9/5/09

La escalera

Ramiro la encontró justo cuando meditaba sobre su vida y concluía que ya no había remedio, que nada le quedaba por esperar mas que la muerte. Era una mujer robusta, quizá no tan hermosa como pudiera pensarse: su cabello castaño caía sobre sus anchos hombros ocultando un largo cuello de piel blanca y sobrepoblado de vello, algo así como la corteza de un durazno. Podría tratarse de una persona cualquiera, de esas que pasan desapercibidas entre la muchedumbre que, aún acompañada, vaga solitaria a lo largo y ancho de un centro comercial. Sin embargo, esos ojos grandes y claros que eran como su historia, iban confesando a su paso mil cosas de aquella mujer que venía lenta, ligera y fugaz hacia Ramiro, hicieron que el alma de éste se entregara prisionero a ella desde el primer instante, mientras bendecía a las escaleras eléctricas que se la llevaban como un regalo.

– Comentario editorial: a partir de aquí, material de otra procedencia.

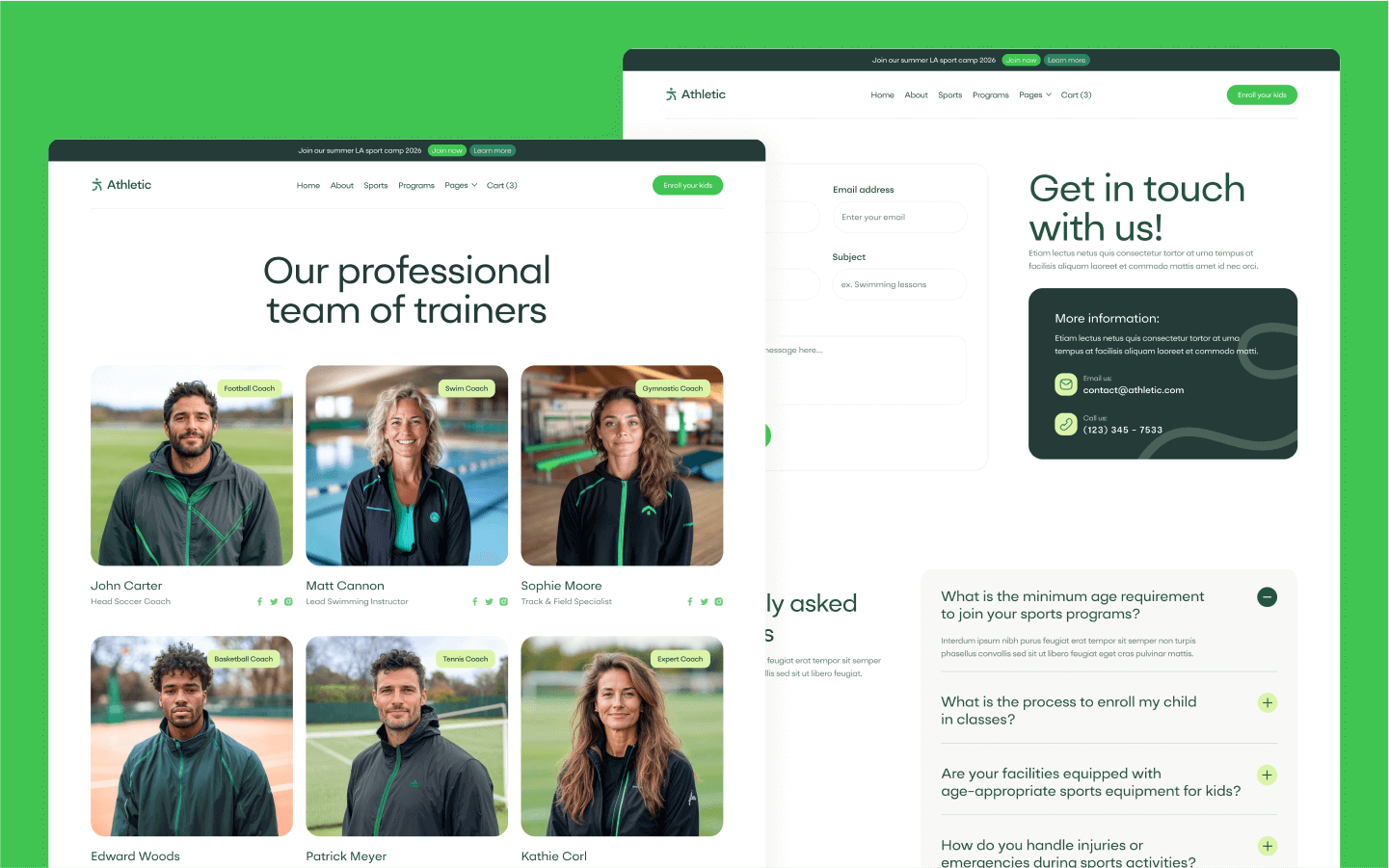Athletic Webflow Template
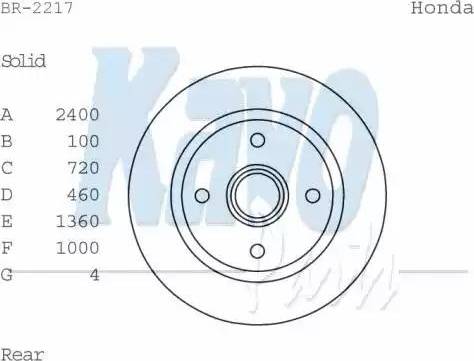 Kavo Parts BR-2217 - Гальмівний диск avtolavka.club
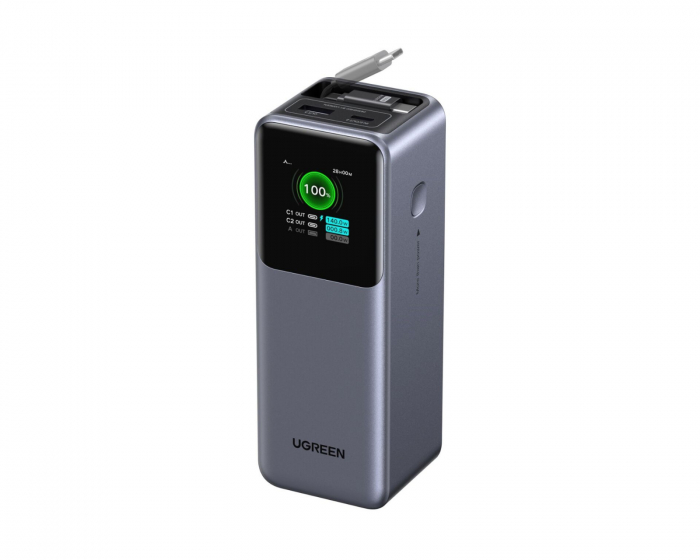 UGREEN 20000mAh 165W Power Bank med Utrækkelig Kabel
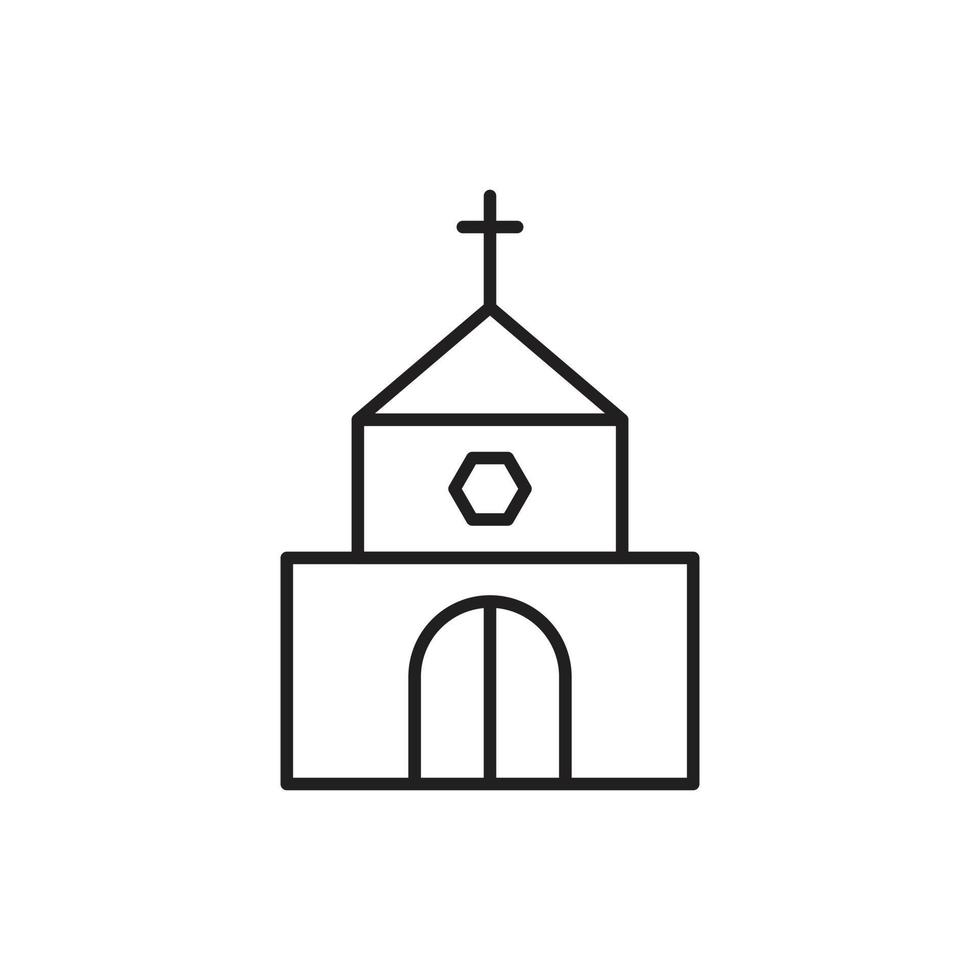 vettore della chiesa per la presentazione dell'icona del simbolo del sito Web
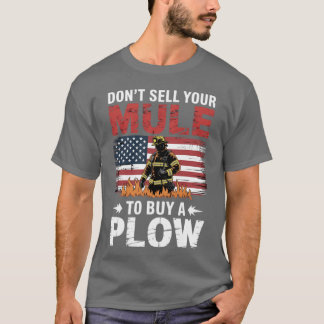 Camiseta Não Venda Sua Mula Para Comprar Um Arado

Mientras la veía bajar en la escalera vecina, Ramiro trataba de escrutar qué era lo que llevaba dentro esa mujer que lo envolvía en un halo de luz que le revolvía las entrañas y lo incitaba a dar salida a sus sueños más secretos. Ella, por su parte, bajaba sin darse cuenta de la expectación que había causado en Ramiro.

Podría hablarle o esgrimirle la mejor de sus sonrisas, o simplemente no decir nada, seguir de largo y conrinuar como si nada hubiera sucedido; pero ¿cómo sería posible olvidar aquella mirada, que se mostraba como su más fiel y seductor espejo? ¿Cómo dejar ir a esa mujer que con sus solos ojos consiguió despertar en él sentimientos y deseos que olían a guardados de tanto esperar, y estaban tan extraviados e la inmensidad de su cuerpos eco, largo y marchito, que pesadamente cargaba sesenta y tres años de soledad?

Estaba resuelto: debía abordarla a como diera lugar. Le explicaría todo y ella entendería... es más, sintió la seguridad de que en ese preciso instante ella, mientras bajaba por las escaleras hacia su encuentro, estaría sintiendo y pensando lo mismo que él.

Todo estaba arreglado: "...un café, algo de charla, y lo demás será como deba ser...", se dijo a sí mismo mientras adoptaba la mejor de las posturas que le era posible a un hombre con gota y huesos que daban las primeras muestras de artritis.

Los nervios y la expectación crecían a cada segundo. Ramiro subía y ella bajaba y el encuentro estaba por sonsumarse de un momento a otro, abriendo para ambos todo un mundo de posibilidades. Instintivamente, Ramiro cerró sus temblorosos y húmedos puños a la espera de que la escaleras los colocaran frente a frente, para desatar una reacción que ni el proceso en entropía universal podría igualar. Ella estaba cerca, cada vez más cerca de Ramiro, a punto de ingresar al mismo espacio que daría origen a la vida misma. a la muerte de tantos y tantos años de infinita soledad.

Y fue justo en el momento en que se cruzaron los cuerpos, que ella posó la mirada directamente en los ojos de Ramiro, pulverizando en él cualquier iniciativa, ya que extasiado, se dejó abrazar por el par de ojos que lo abordaron por completo, dejándola pasar de largo sin emitir sonido alguno.

Reaccionó unos segundos después; trató de retroceder, de emprender la carrera para alcanzarla, para impedir que se marchara; pero era tarde: la escalera continuó insensible y mecánica su camino hasta la planta alta sin que nada ni nadie pusiera evitarlo, mientras Ramiro se quedó impotente, desesperado y más solo que nunca, sin otro remedio que mirar cómo la mujer se perdía entre la gente y maldecir a Jesse Reno, a Charles Seeberg y a OTIS, que fabrican escaleras que dan y quitan sin la menor consideración.